Return, word for word, only the lines of the data below that lie between the line with "Used 2018 Volkswagen" and the line with "MERCEDES-BENZ E 63", those two lines included.
---------- Task data ----------
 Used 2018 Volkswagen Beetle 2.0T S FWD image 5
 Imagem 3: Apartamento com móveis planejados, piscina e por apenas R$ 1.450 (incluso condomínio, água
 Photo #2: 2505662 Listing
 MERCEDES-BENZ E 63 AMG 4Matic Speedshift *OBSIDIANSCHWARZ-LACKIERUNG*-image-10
----------
---------- Task data ----------
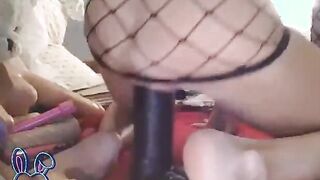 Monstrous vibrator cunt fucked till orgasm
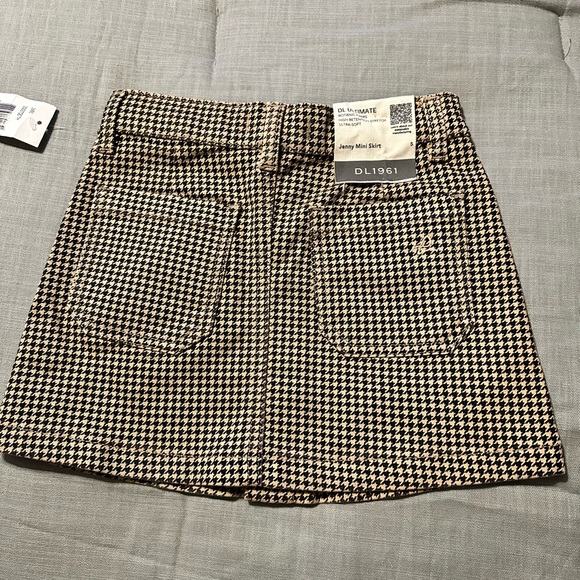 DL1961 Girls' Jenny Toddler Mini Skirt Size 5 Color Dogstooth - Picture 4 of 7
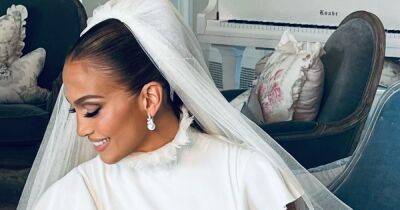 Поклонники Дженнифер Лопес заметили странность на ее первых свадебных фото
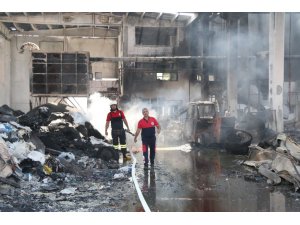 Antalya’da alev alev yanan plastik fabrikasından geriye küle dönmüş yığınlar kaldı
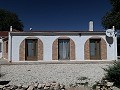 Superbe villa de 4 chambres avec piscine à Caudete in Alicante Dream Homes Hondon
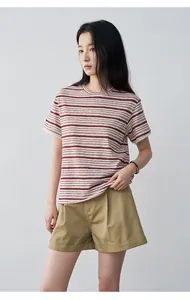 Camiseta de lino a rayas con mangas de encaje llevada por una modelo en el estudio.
----------
---------- Task data ----------
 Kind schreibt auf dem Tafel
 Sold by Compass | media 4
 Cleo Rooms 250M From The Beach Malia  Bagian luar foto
----------
◆ Problem solution:
 Used 2018 Volkswagen Beetle 2.0T S FWD image 5
 Imagem 3: Apartamento com móveis planejados, piscina e por apenas R$ 1.450 (incluso condomínio, água
 Photo #2: 2505662 Listing
 MERCEDES-BENZ E 63 AMG 4Matic Speedshift *OBSIDIANSCHWARZ-LACKIERUNG*-image-10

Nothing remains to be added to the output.